# Crazy Idea!



## Miller_Low_Life (Apr 12, 2017)

So I have trouble in my back yard with two huge silver maples. In the spring and fall the grass looks great after over seeding but in the summer it thins out under the trees. This year Plan A is to fertilize more often to help the grass get more nutrients in that spot under the trees and water more. If that doesn't work I'm considering throwing down some clover seed. Anyone else purposely put clover in their lawn?


----------



## GrassDaddy (Mar 21, 2017)

I've seen all clover lawns and they look great. The only reason I dont like clover in my lawn is the bees and the kids.

Most likely though your lawn isn't getting enough water. Those trees will suck out any moisture.


----------



## wardconnor (Mar 25, 2017)

I am wondering if its a sun related issue. The leaves coming out and blocking the sunlight. Cool season grass grows best in "cool weather" so spring and fall I find the grass grows the most vigorously.


----------



## dfw_pilot (Jan 28, 2017)

If the extra fertilizer doesn't work, you might trying going in the opposite direction: PGR. If you slow the plant's need or desire to grow up, it may do better by growing less, growing down, and spreading out.


----------



## ericgautier (Apr 22, 2017)

Or you might want to try a "shade" happy cultivar, maybe Bewitched?


----------



## Virginiagal (Apr 24, 2017)

I think water is the biggest problem. Maple roots are close to the surface and suck up all the water. Fertilizer would be an added stress. I used to have a silver maple in the backyard. The only thing that grew under it were wild violets. We took it down because a big limb cracked for no good reason and we were afraid that in a storm there might be other limbs falling on structures.

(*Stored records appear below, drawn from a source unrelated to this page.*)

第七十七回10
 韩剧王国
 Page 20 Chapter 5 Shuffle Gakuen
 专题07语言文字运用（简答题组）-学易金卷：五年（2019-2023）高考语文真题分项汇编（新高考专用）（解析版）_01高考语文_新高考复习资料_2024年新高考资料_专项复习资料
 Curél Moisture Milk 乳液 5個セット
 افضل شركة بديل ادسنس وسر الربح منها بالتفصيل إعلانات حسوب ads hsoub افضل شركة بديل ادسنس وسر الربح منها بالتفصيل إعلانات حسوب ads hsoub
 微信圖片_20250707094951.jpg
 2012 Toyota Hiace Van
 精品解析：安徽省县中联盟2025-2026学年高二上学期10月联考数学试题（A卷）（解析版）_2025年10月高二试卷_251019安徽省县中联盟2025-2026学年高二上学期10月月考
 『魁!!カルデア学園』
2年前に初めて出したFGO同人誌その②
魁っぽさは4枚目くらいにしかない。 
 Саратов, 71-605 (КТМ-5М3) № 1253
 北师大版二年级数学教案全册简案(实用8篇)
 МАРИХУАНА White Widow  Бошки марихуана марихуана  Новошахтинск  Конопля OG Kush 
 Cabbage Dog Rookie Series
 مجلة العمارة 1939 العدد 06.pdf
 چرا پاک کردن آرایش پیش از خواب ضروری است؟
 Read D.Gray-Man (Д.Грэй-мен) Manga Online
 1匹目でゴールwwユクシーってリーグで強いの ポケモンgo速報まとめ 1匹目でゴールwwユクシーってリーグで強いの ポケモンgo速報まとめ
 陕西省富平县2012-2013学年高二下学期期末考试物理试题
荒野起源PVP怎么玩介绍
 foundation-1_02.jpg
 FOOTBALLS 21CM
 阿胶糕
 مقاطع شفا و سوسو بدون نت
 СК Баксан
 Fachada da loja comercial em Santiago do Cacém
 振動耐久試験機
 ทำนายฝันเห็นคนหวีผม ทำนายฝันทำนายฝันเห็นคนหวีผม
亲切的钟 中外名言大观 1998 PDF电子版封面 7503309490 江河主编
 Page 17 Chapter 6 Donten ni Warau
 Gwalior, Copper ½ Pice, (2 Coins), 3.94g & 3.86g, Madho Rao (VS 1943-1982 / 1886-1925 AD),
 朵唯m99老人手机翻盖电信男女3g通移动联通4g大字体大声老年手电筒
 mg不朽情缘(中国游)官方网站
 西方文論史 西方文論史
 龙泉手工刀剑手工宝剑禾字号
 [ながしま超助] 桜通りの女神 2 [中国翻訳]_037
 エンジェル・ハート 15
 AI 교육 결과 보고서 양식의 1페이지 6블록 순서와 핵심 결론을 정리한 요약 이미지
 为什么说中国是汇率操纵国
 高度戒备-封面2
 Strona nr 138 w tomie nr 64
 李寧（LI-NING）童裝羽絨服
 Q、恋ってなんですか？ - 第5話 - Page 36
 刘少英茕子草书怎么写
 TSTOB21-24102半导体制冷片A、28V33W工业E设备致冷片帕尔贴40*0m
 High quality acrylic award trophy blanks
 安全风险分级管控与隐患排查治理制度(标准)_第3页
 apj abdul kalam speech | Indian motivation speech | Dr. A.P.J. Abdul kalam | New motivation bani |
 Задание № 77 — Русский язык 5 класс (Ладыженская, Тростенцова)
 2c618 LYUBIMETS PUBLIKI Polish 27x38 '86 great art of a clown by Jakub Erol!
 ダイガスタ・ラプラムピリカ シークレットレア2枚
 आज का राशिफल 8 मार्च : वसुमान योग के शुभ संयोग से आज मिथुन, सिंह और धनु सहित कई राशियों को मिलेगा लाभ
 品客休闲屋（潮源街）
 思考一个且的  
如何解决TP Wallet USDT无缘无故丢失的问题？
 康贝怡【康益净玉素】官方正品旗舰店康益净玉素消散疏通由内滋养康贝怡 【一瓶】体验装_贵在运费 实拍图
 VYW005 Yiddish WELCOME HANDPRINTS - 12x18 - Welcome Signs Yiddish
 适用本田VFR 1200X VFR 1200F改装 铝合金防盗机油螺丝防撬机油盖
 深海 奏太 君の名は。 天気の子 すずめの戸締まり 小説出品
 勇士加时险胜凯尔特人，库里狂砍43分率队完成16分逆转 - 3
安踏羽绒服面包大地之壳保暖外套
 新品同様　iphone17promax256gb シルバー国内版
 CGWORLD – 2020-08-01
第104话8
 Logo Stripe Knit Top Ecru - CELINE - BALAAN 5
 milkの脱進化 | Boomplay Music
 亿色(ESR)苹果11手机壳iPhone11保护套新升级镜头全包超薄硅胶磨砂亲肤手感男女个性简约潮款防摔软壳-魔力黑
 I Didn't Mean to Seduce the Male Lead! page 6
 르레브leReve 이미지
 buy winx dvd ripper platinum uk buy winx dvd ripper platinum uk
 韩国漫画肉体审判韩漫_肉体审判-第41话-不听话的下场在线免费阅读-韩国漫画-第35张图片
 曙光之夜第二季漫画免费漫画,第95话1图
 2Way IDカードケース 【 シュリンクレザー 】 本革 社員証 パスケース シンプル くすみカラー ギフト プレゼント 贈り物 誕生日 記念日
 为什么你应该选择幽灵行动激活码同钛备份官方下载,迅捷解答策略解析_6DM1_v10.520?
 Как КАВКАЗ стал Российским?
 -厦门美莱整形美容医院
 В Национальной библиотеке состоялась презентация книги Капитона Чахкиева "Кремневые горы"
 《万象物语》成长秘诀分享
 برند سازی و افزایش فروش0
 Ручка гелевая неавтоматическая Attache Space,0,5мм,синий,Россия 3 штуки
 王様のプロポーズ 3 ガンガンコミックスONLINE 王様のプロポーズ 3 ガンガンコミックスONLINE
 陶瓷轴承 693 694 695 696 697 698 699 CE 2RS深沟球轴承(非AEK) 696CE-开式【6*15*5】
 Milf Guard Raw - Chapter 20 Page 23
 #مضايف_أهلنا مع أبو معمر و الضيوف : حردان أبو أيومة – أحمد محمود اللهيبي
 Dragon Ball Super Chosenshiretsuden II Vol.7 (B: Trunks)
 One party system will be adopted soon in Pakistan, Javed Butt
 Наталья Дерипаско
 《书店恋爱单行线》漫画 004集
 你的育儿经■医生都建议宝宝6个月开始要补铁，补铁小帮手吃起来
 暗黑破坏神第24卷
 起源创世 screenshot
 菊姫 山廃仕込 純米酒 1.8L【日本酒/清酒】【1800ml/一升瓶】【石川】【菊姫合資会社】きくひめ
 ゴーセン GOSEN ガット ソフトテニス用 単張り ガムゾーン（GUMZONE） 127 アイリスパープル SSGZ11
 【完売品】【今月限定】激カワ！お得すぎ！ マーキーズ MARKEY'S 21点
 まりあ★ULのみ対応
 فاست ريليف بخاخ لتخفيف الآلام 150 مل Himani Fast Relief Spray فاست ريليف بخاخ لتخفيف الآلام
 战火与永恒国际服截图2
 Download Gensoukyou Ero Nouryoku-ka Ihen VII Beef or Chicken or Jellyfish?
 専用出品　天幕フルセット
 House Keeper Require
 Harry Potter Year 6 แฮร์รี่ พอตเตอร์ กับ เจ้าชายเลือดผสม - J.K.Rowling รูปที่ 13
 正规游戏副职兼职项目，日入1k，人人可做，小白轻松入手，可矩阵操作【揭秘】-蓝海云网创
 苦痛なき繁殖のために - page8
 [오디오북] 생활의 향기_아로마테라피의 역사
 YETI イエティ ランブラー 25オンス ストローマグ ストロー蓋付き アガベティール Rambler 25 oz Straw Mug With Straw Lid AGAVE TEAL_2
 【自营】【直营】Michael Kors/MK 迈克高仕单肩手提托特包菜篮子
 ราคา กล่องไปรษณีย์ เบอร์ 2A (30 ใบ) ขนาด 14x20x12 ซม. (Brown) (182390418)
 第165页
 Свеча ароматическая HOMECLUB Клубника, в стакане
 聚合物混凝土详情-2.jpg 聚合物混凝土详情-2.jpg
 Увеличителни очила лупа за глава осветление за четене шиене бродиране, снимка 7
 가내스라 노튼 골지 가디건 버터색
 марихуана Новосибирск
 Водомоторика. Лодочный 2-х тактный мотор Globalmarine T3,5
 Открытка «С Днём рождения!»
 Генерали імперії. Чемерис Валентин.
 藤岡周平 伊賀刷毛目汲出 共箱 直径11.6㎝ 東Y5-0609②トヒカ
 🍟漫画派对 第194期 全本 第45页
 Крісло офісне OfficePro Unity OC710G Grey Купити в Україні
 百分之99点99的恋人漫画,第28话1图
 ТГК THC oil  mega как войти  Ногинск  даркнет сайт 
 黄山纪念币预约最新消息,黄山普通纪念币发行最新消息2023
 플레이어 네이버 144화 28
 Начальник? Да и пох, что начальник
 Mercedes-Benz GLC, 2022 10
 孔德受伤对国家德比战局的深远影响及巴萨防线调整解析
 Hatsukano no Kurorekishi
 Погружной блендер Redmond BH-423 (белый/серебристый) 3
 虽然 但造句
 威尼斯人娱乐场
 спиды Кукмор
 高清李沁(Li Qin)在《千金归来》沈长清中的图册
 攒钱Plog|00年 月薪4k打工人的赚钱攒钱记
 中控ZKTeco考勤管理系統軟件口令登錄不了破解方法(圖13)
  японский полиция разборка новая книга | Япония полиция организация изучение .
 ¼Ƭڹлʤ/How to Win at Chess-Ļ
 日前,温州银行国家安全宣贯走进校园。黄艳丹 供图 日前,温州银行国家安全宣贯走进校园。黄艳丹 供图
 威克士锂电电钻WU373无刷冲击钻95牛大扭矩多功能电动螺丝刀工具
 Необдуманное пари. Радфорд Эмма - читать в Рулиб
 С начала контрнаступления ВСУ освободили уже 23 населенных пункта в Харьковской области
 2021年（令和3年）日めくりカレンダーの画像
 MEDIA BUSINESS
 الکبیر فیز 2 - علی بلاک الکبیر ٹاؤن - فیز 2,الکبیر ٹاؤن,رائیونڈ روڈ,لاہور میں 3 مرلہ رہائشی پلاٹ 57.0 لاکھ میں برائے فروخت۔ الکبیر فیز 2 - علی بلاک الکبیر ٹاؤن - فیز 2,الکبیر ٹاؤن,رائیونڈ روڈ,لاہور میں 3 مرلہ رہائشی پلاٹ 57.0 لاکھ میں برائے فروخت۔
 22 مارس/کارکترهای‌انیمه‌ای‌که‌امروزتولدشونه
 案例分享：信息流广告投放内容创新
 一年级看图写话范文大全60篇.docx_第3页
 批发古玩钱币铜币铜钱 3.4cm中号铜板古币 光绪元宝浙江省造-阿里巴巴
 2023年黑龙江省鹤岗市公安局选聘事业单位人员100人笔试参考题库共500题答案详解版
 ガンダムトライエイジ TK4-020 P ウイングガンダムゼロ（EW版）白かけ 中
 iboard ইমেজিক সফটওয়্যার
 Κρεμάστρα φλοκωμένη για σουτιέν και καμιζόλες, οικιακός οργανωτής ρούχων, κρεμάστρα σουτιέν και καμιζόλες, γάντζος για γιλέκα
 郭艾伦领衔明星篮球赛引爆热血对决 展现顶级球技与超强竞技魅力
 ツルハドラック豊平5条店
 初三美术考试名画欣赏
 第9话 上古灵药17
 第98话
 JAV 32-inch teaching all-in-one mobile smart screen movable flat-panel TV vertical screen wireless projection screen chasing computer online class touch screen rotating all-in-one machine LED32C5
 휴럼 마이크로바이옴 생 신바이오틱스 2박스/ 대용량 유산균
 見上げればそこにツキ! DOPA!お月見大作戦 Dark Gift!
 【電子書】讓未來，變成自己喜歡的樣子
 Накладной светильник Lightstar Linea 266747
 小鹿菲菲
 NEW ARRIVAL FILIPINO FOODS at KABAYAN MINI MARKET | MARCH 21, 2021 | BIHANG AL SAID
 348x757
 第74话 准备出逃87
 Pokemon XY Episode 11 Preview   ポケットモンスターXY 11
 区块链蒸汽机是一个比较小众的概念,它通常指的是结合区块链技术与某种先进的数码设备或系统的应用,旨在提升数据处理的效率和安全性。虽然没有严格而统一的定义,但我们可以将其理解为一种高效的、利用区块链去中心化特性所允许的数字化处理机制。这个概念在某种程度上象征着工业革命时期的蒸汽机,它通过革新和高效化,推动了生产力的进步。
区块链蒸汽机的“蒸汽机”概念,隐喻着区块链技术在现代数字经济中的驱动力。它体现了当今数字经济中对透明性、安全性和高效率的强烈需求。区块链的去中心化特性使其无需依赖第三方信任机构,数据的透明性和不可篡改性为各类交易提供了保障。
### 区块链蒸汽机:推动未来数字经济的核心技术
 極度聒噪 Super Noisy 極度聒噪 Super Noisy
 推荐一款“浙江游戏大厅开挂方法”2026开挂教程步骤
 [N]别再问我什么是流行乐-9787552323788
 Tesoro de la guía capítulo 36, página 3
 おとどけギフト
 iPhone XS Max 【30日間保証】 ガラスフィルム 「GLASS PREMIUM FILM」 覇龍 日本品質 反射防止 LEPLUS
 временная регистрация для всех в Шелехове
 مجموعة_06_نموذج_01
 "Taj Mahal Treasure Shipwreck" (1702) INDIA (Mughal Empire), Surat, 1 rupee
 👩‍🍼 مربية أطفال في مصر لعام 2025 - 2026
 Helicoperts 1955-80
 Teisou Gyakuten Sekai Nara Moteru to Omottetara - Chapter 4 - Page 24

Silver maples aren't as strong as they ought to be.


----------



## Miller_Low_Life (Apr 12, 2017)

Virginiagal said:


> I think water is the biggest problem. Maple roots are close to the surface and suck up all the water. Fertilizer would be an added stress. I used to have a silver maple in the backyard. The only thing that grew under it were wild violets. We took it down because a big limb cracked for no good reason and we were afraid that in a storm there might be other limbs falling on structures. Silver maples aren't as strong as they ought to be.


I can agree with that. Every storm we have branches down. Even after we had it trimmed and thinned out. I'll try to focus more on water and not the fertilizer.


----------



## Miller_Low_Life (Apr 12, 2017)

Below is the area I'm talking about. Right between the two trees. In 2 months it will look thin and dried out. right now looks great. I have stripes without a striper.


----------



## Ware (Jan 28, 2017)

Virginiagal said:


> ...Silver maples aren't as strong as they ought to be.


They do usually make all the trees you should never plant lists. Those and Bradford Pear. Someone had a (not so) great idea to plant a Bradford Pear in most of the front yards in the older phases of my subdivision (1990's). They keep the city's chipper truck busy after every strong storm.


----------